Mother-of-two Mrs Hutchings, 54, met Bajjar in a nightclub during a holiday in 2009. They kept in touch via Skype and married in Sousse in March 2014.
But when she realised Bajjar was only after her money, she refused to help him get into the UK. And when she heard he was posing as a Syrian refugee, she was horrified.
He returned to Calais at the end of May, smuggled by the 30-year-old woman who’d helped him before.
According to one of our sources, the woman was arrested by French police and questioned on suspicion of terrorism for three days before being released without charge.
Bajjar attacked the Care4Calais warehouse three days later. Understandably, she says she no longer wants anything to do with Bajjar who, it is painfully obvious, is anything but a vulnerable refugee.
His middle-class family owns a souk in Sousse, the Tunisian town near the resort where a terrorist shot dead 30 British tourists in 2015. His parents are currently building a large multi-storey property in the city.
Bajjar left Tunisia in September 2014. According to Mrs Hutchings, his parents gave him ¤3,000 (about £2,600) to travel in a fishing boat from Tunis to Palermo, in Sicily, where he stayed with his sister for four months.

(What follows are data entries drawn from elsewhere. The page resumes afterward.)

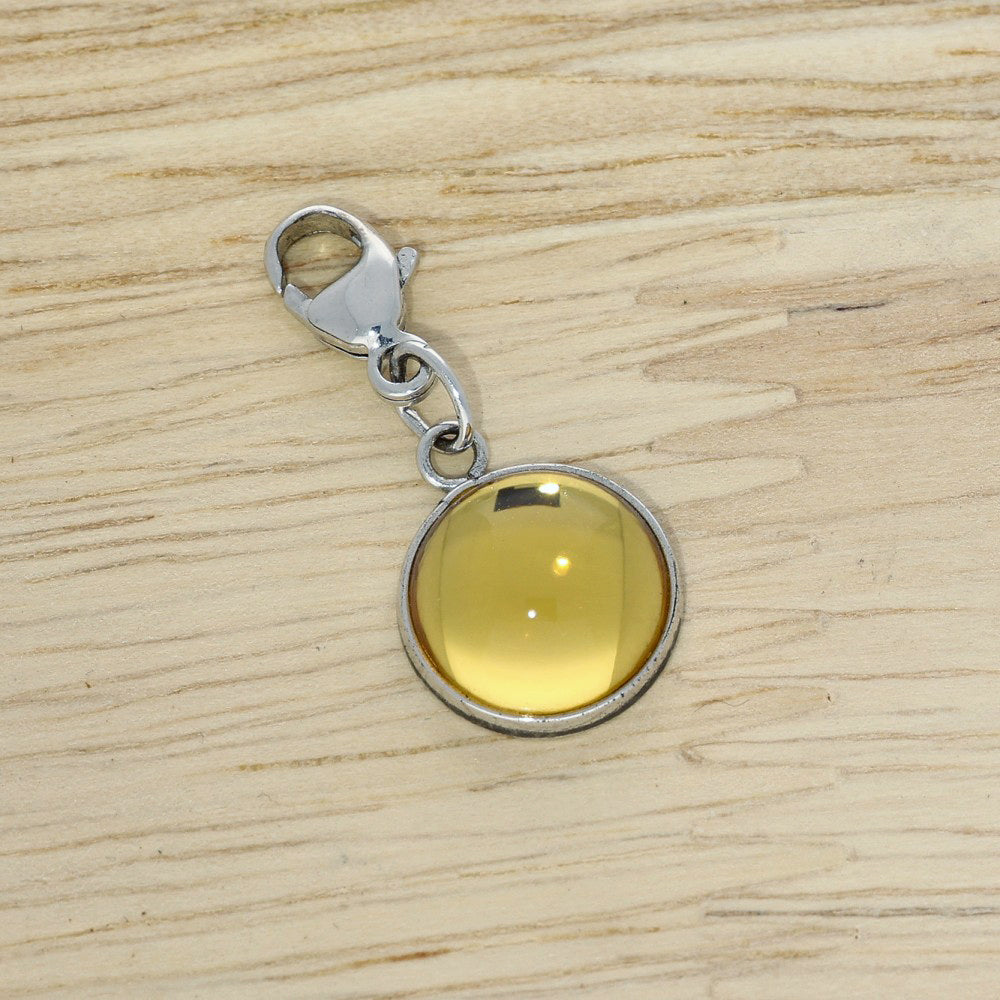 Lalique Cabochon Charm Pendant -  Amber Crystal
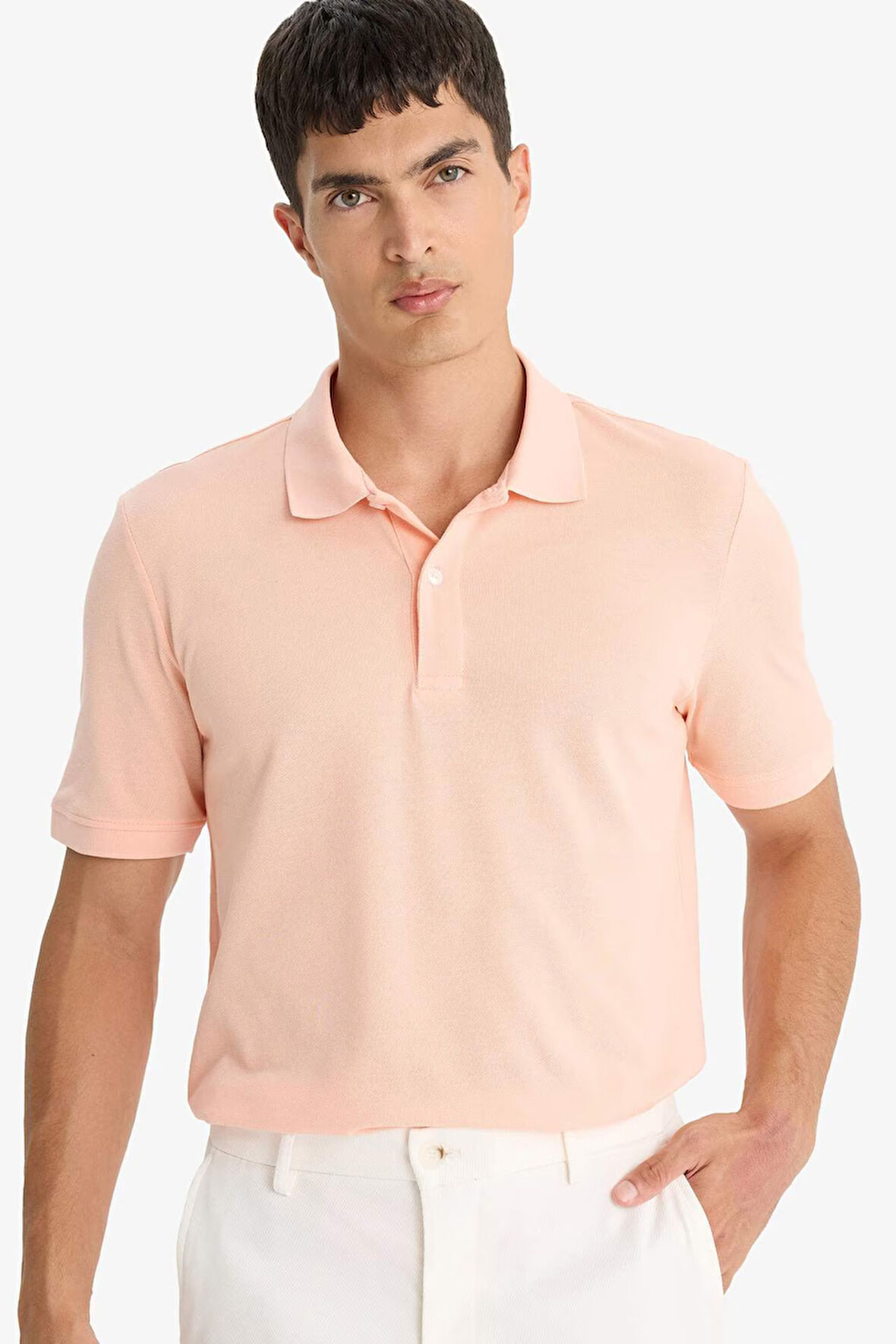 	%100 Pamuk Regular Fit Kısa Kollu Basic Düz Pike Kumaş Polo Tişört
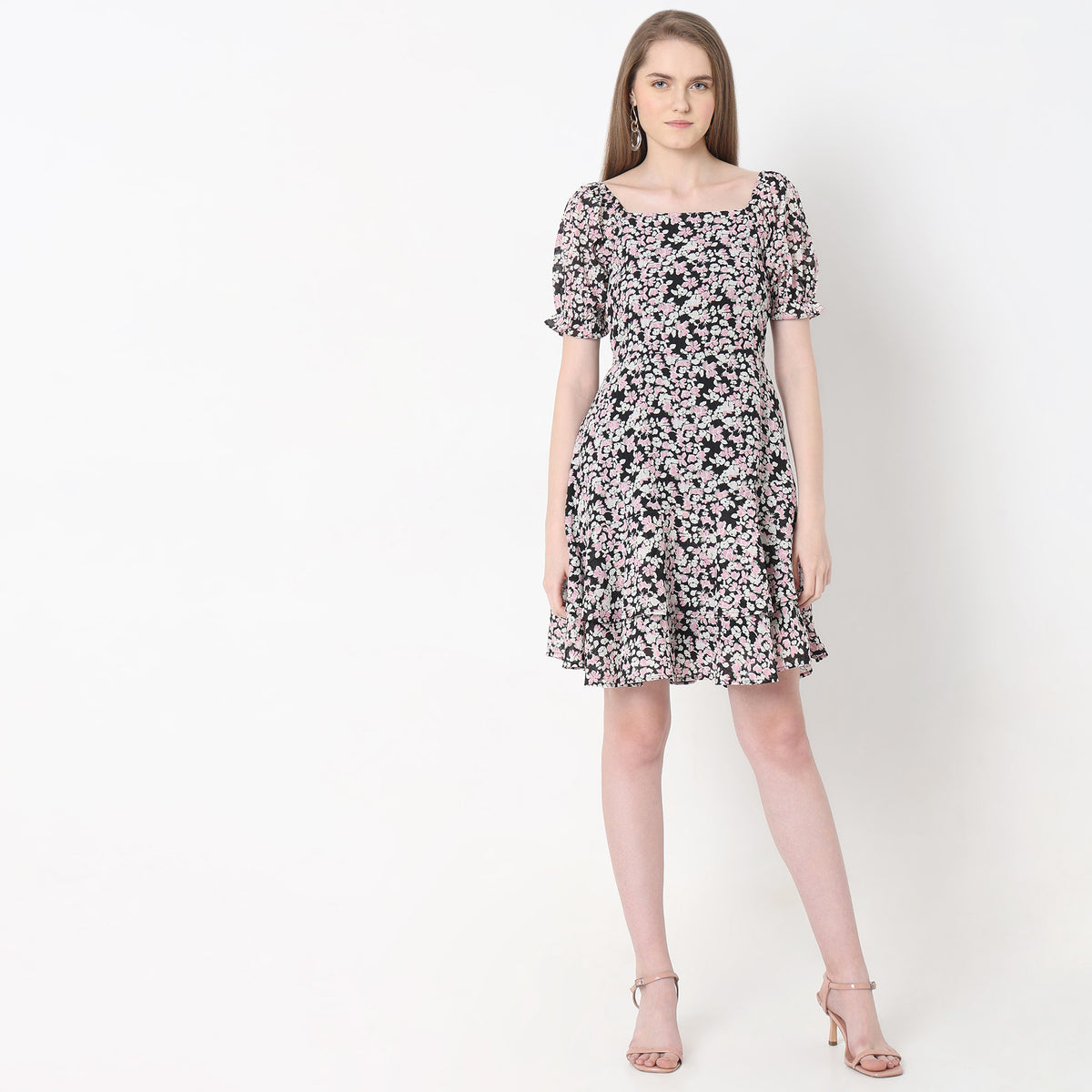 Regular Fit Floral Dress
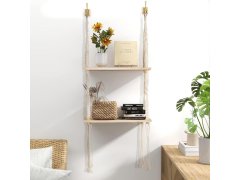 Závěsná macrame polička, 2 patra 8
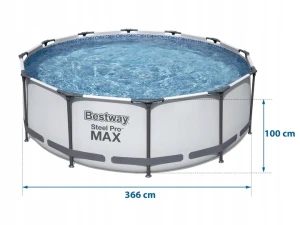 Каркасний басейн 10 в 1 Bestway Steel Pro Max 366 х 100 см з драбиною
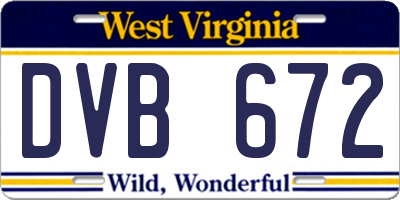 WV license plate DVB672
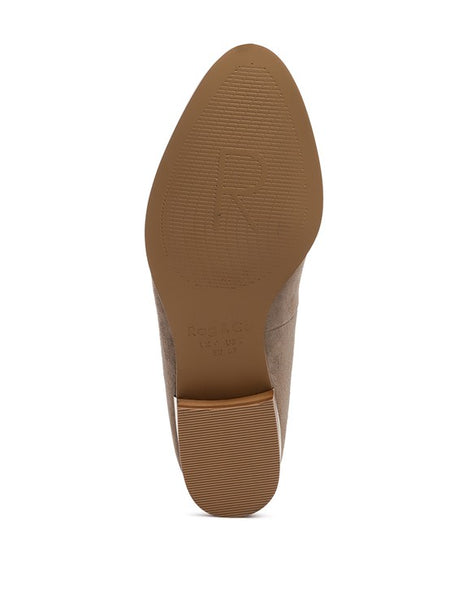 Sole view of Rag Company black genuine leather loafers showing textured brown outsole and heel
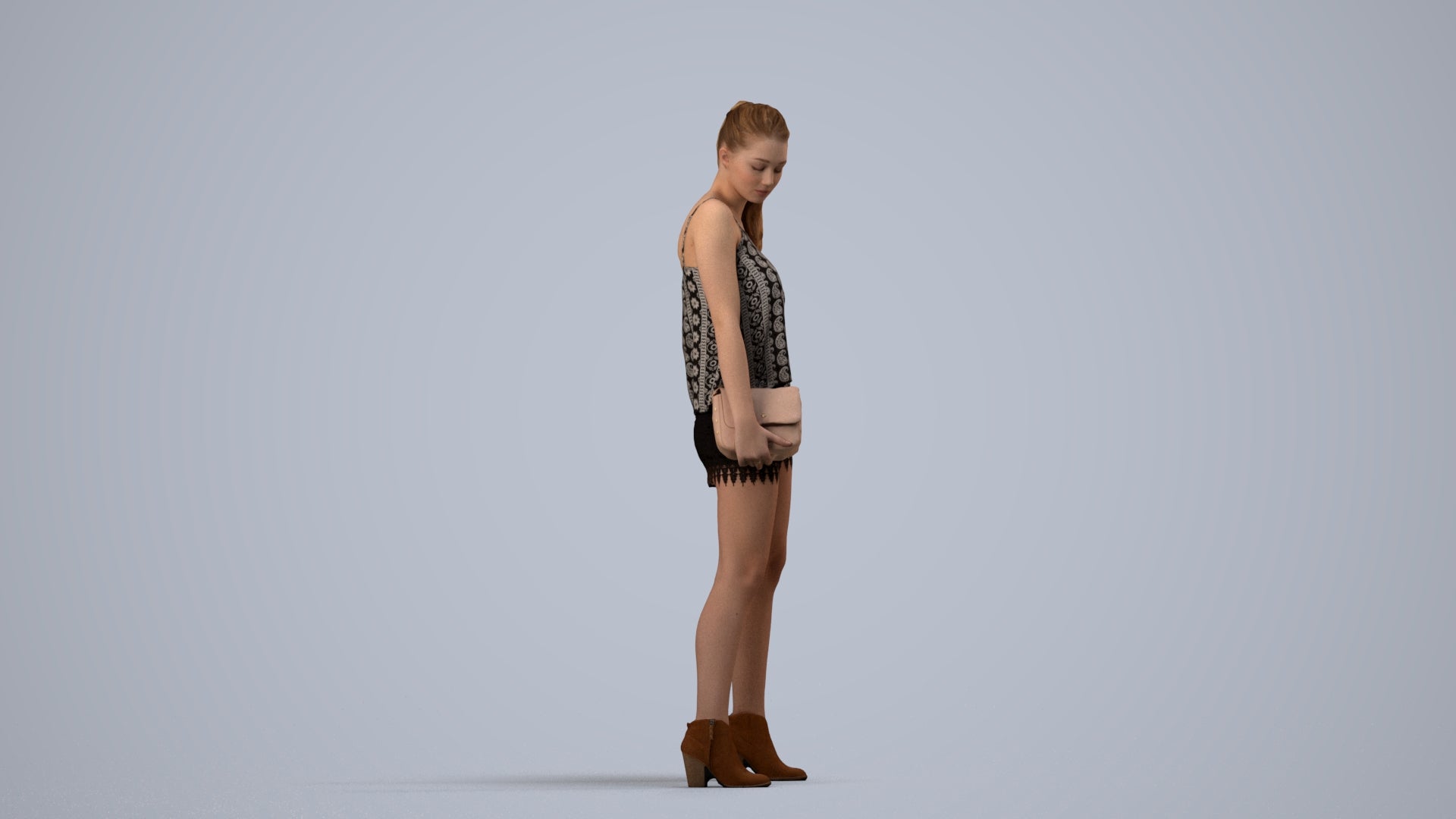 3D scanned girl standing casual, photorealistic archviz people for Enscape and SketchUp, side view render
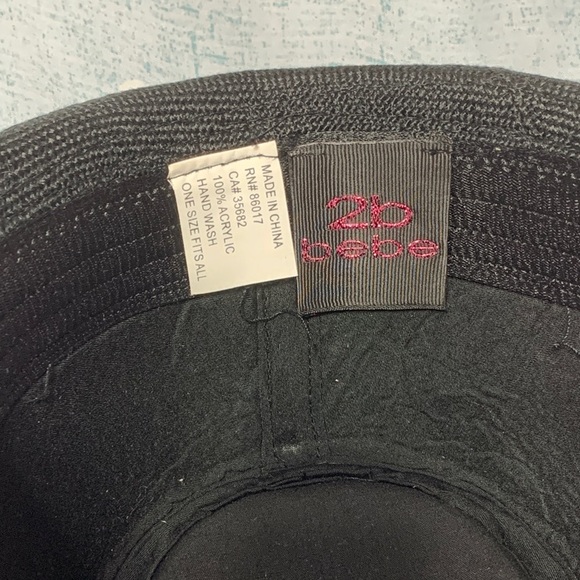 VTG 2b bebe Black Fedora Hat with Cream Band - Picture 8 of 10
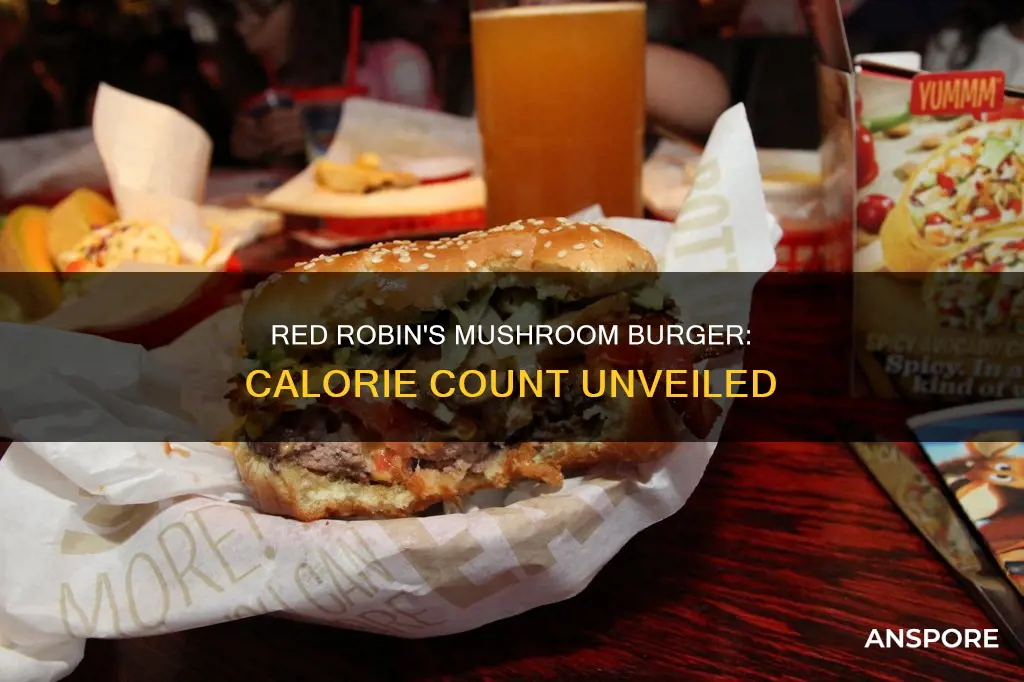 how many calories does a mushroom red robin burger have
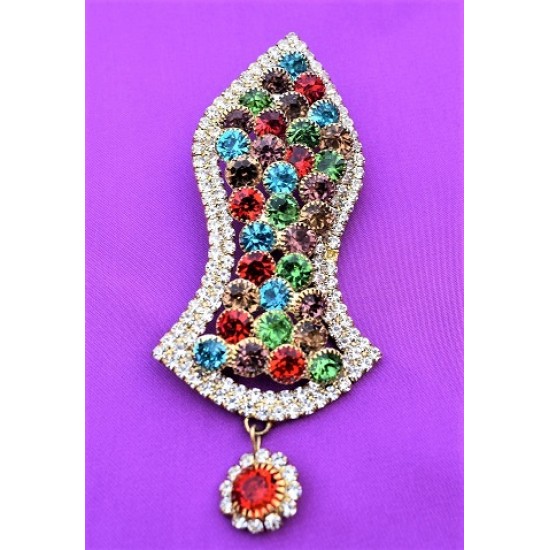 New Multicolor Pearls Nalain Sharif Large Badge 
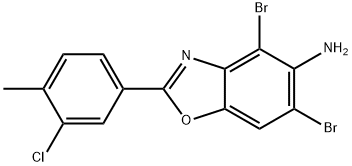 4,6-DIBROMO-2-(3-CHLORO-4-METHYLPHENYL)-1,3-BENZOXAZOL-5-AMINE,637303-15-2,结构式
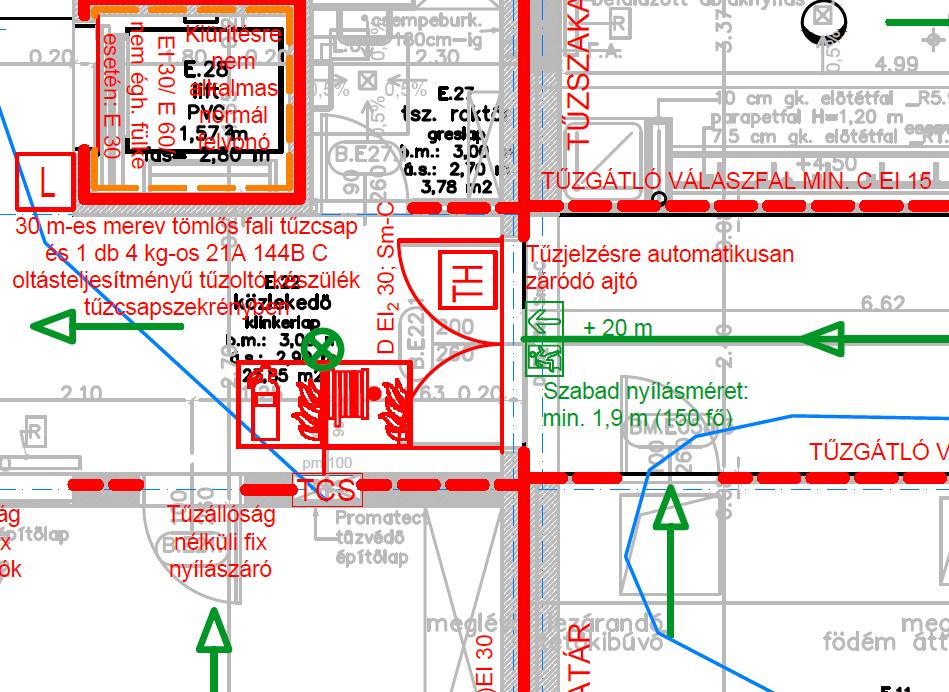 tervrajzok Tűzvédelmi alaprajzok: kiürítés, útirányok és útvonal hosszak Útirányok Útvonal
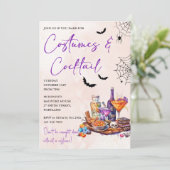 Halloween Kostüme & Cocktails Einladung (Stehend Vorderseite)
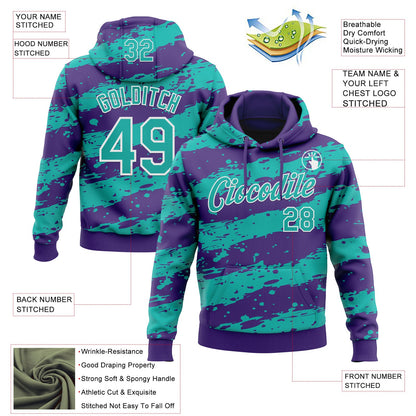 Custom Stitched Purple Aqua-White Splash Torn Paper Style Sports Pullover Sweatshirt Hoodie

When he next called Mrs Hutchings, he was in Germany, where he claimed asylum-seeker’s allowance by posing as a Syrian while working at a Coca-Cola factory just over the border in Poland.
Eventually, however, the Germany authorities found out that Bajjar was Tunisian — everyone over the age of 16 in Tunisia is fingerprinted and they were able to match his prints.
He left Hamburg in July 2015 before he could be deported, and headed to Calais, arriving days after David Cameron was condemned for describing migrants as ‘a swarm of people coming across the Mediterranean, seeking a better life, wanting to come to Britain.’
It was there that he met Mrs Moseley, a high-flying accountant who has worked with firms including Ernst & Young and Deloitte while regularly carrying out charity work.
She was a long-serving Prince’s Trust volunteer, providing free start-up advice to new businesses.